Lebanese American University


LAU writing center supports schools nationwide

School and university educators and administrators gather at LAU Beirut to learn from the experiences of the writing center and to network.


Two dozen school and university educators and administrators from across the country took part in the training.

“Getting help isn’t a sign of weakness but a sign of strength.” So said Director of the LAU Writing Center Paula Habre last week, quoting First Lady of the United States Michelle Obama who, in a recent speech, advised students to “get yourself to the writing center.”

Habre was addressing two dozen school and university educators and administrators. They had gathered at the Beirut campus to receive their certificates for completing a tailored training program delivered through separate sessions over the past two months by Habre, writing center tutors, and a guest speaker who made her presentation and interacted with the participants through Skype from LAU’s New York headquarters.

The certificates were handed out by LAU President Joseph G. Jabbra. “You can’t be excellent without being able to write, communicate well and express yourself,” he said. Jabbra highlighted the impetus behind the writing center, launched in Beirut in 2010 and at the Byblos campus in 2014, and its desire to implement the practice throughout schools in Lebanon.
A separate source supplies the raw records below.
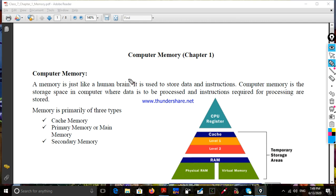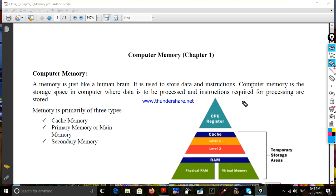Computer memory. A memory is just like a human brain. It is used to store data and instructions. Computer memory is the storage space in a computer where data is to be processed and instructions required for processing are stored.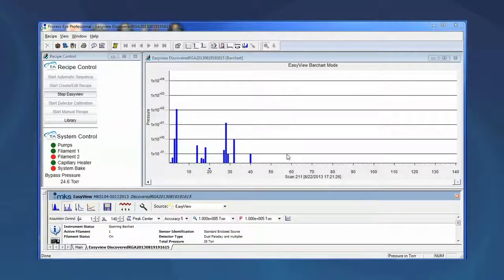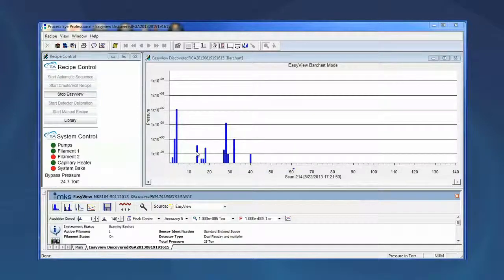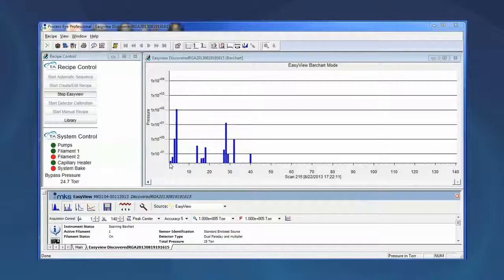Let's quickly go through and identify each of the ions in the background. Mass 40 is argon, mass 32 is oxygen, mass 28 is nitrogen, mass 29 and 27 are isotopes of nitrogen, mass 18 is water, mass 17 is hydroxyl, mass 16 is doubly ionized oxygen, mass 14 is doubly ionized nitrogen. Of course mass 4 is our purge gas helium, mass 3 is likely an isotope of helium, mass 2 is doubly ionized helium, and mass 1 is hydrogen.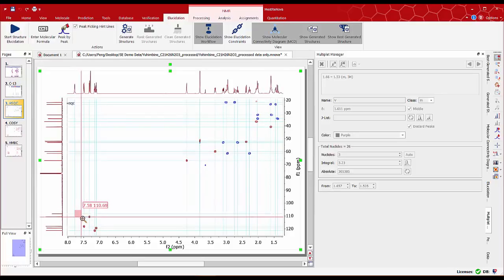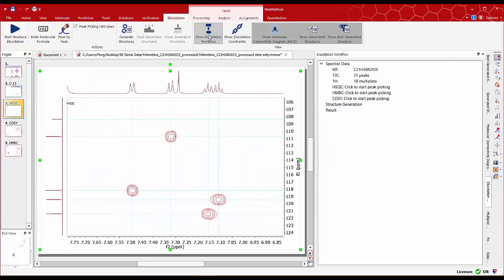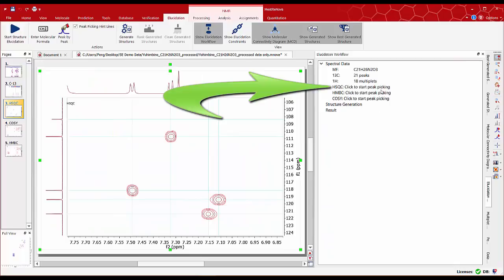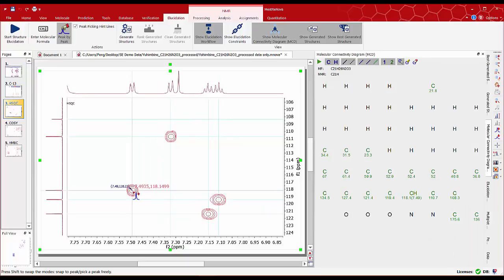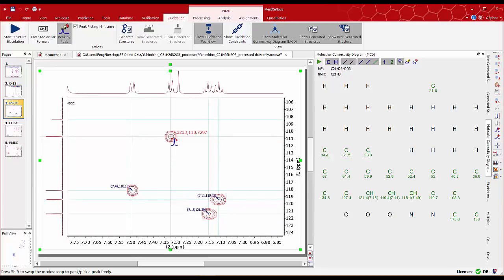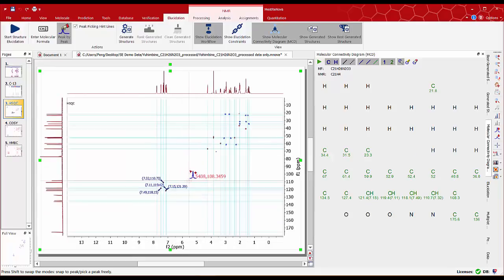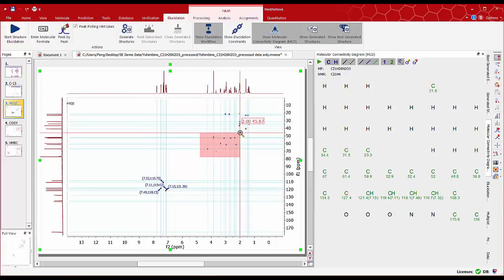Next step in the elucidation workflow is to select HSQC start peak picking. The cursor automatically changes to peak by peak mode. We can start doing peak picking on the spectrum. Similarly we can do the same for other regions of the spectrum.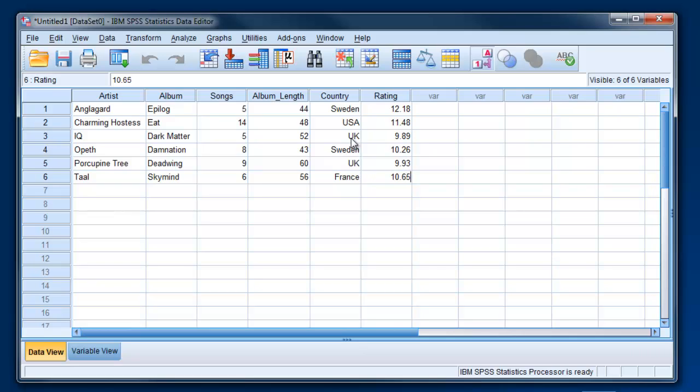Okay, so at this point we've got our data set, and what we might want to do is create a new variable.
“The LAU program was a generous one,” said Rose Lindgren, the cultural attaché at the U.S. embassy in Lebanon which funded the training following an open call for proposals. “It did not focus on expanding itself but reaching out to others all over Lebanon.”

The program offered an insight into the theoretical and pragmatic components of the schools’ writing centers. It afforded participants the opportunity to hear and learn from the experiences of tutors at the LAU writing center, and enabled educational institutions to foster connections.

Among the trainees who benefited from the course was Diana El-Hariri, an English instructor at the Lebanese International University. “I first proposed opening a writing center at LIU a year ago, after I became aware of the concept at LAU. They loved the idea, but now, after this training, I have something more tangible to present that will help create more excitement and hopefully lead to the necessary resources being made available,” said El-Hariri.

As the budget of UNRWA schools is very limited, writing centers would be considered a luxury. Nevertheless, Mohamad Khatab, the principal of an UNRWA school in Sidon, said that training and discussions held at LAU would have an impact. “Our overall strategy and focus is to help students within the curriculum, not outside it. Writing centers are part of a new approach, and I intend to translate it in a way that is practical for our schools to implement.”

Khatab’s appreciation for the opportunity, knowledge and materials presented by LAU was echoed by all the participants, while Habre was pleased with the chance to reach out to schools nationwide. “We are proud of what we have achieved and happy to be able to share our experiences with other educators toward the betterment of all students in Lebanon.”